### REQUIRED WORK
Each entry below is to be returned exactly, with any pictures left out.

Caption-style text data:
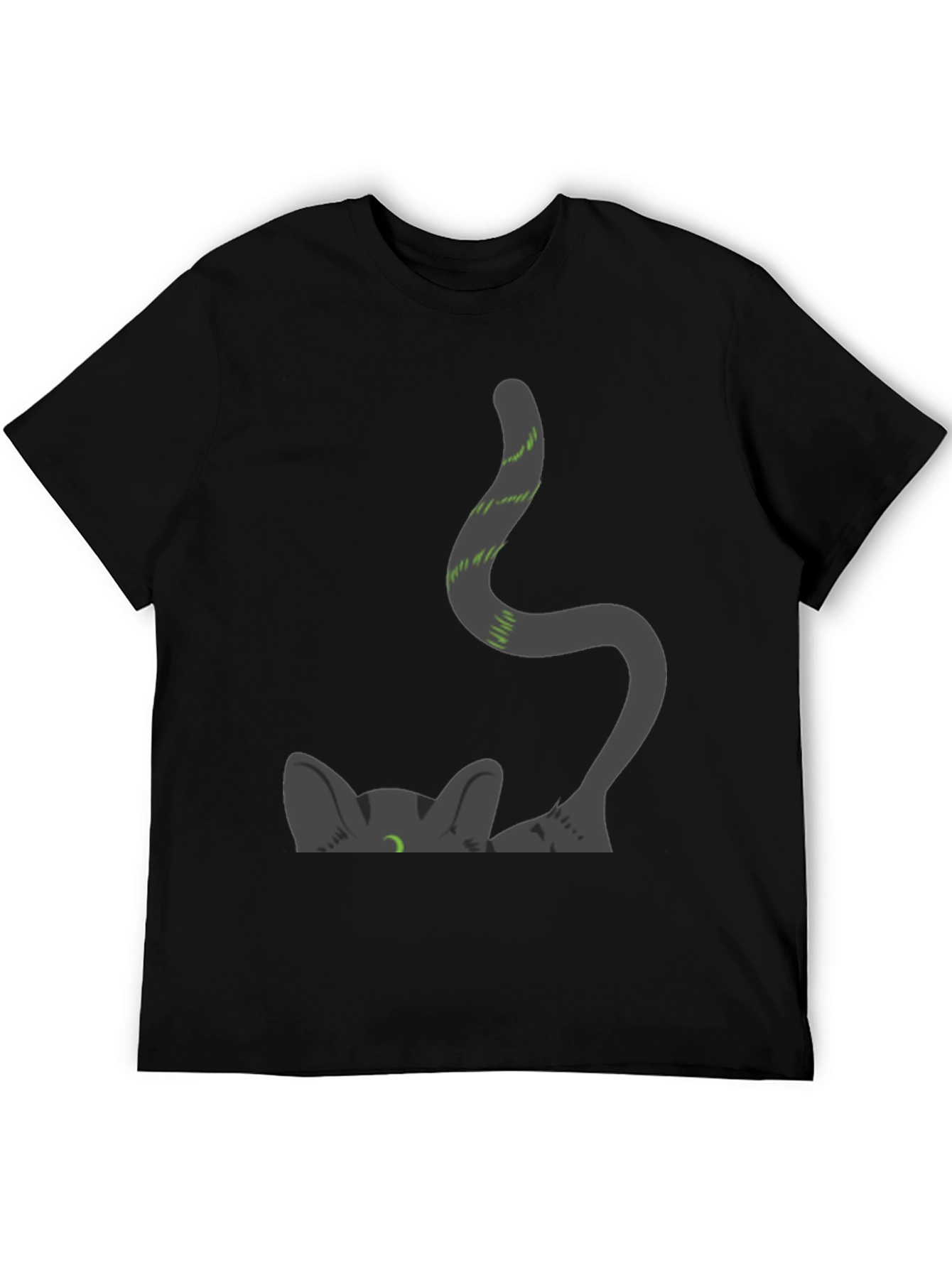 Sneaky Cat Graphic Tee - Black Cotton
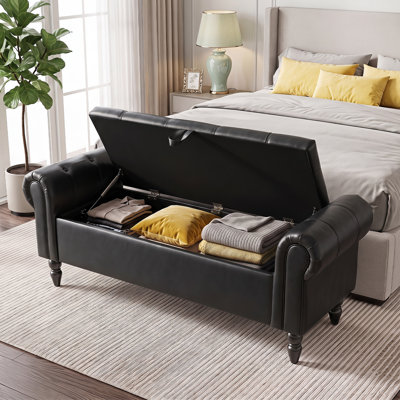 Mid-Century Modern Storage Bench, 55" Wide Flip Top Faux Leather Upholstered Bench with Armrests, Large Wood Entryway Bench for Living Room, Bedroom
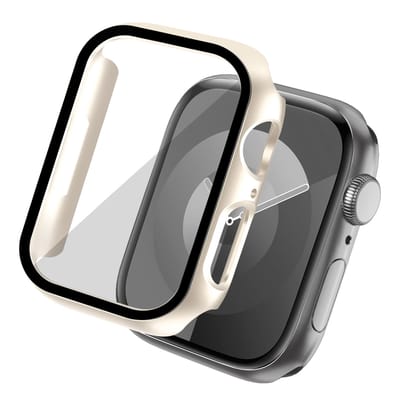 Screen protector - Geschikt voor Apple Watch 7 / 8 / 9 - 45 mm - Full Cover Hard Case / Beschermend Hoesje - Sterrenlicht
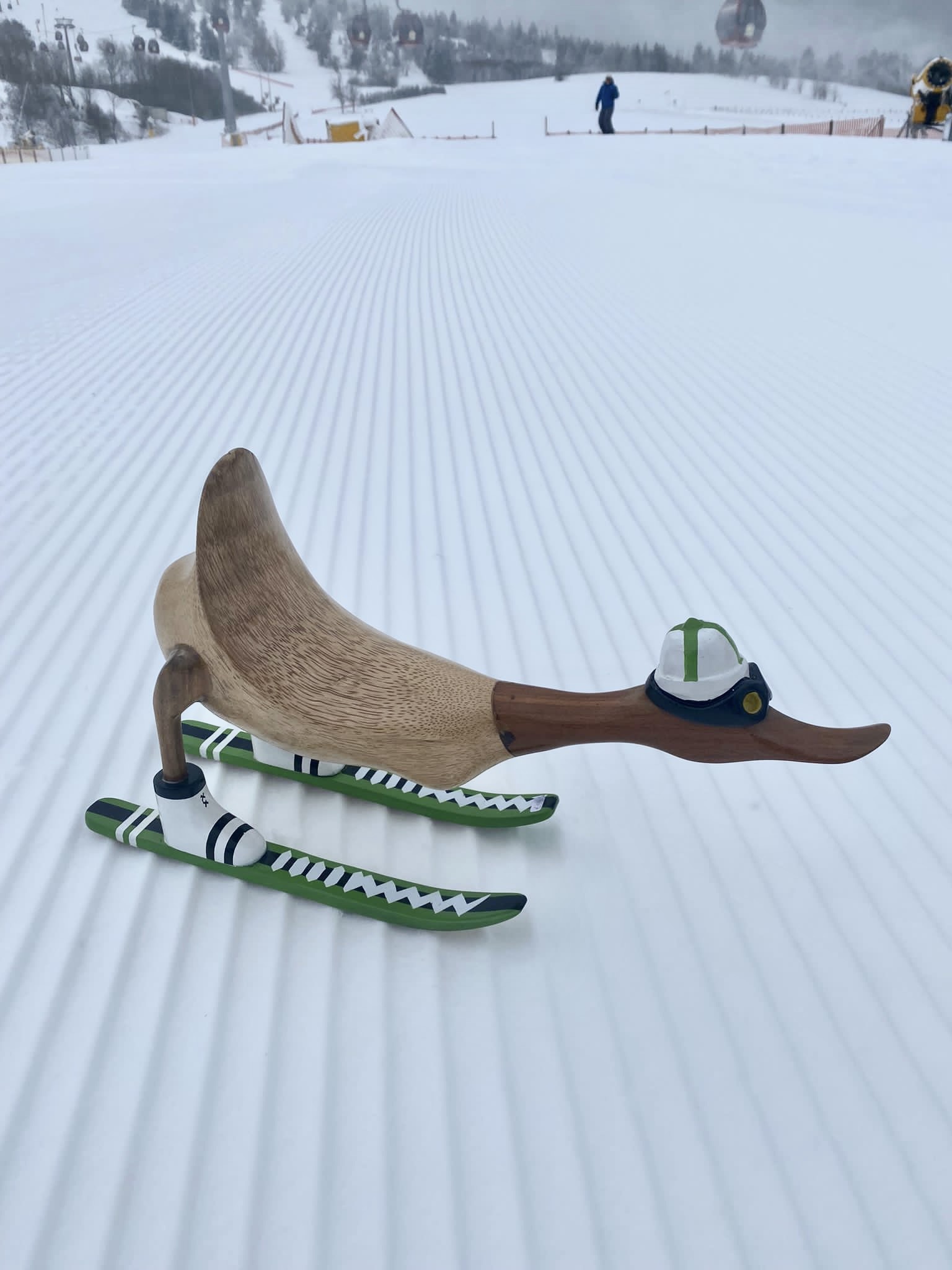 Skiënde eend van hout op de piste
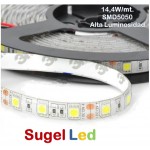 Tira LED 5 mts Flexible 72W 300 Led SMD 5050 IP20 Blanco Neutro Alta Luminosidad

### SOLUTION TO THIS TASK
 Sneaky Cat Graphic Tee - Black Cotton
 Mid-Century Modern Storage Bench, 55" Wide Flip Top Faux Leather Upholstered Bench with Armrests, Large Wood Entryway Bench for Living Room, Bedroom
 Screen protector - Geschikt voor Apple Watch 7 / 8 / 9 - 45 mm - Full Cover Hard Case / Beschermend Hoesje - Sterrenlicht
 Skiënde eend van hout op de piste
 Tira LED 5 mts Flexible 72W 300 Led SMD 5050 IP20 Blanco Neutro Alta Luminosidad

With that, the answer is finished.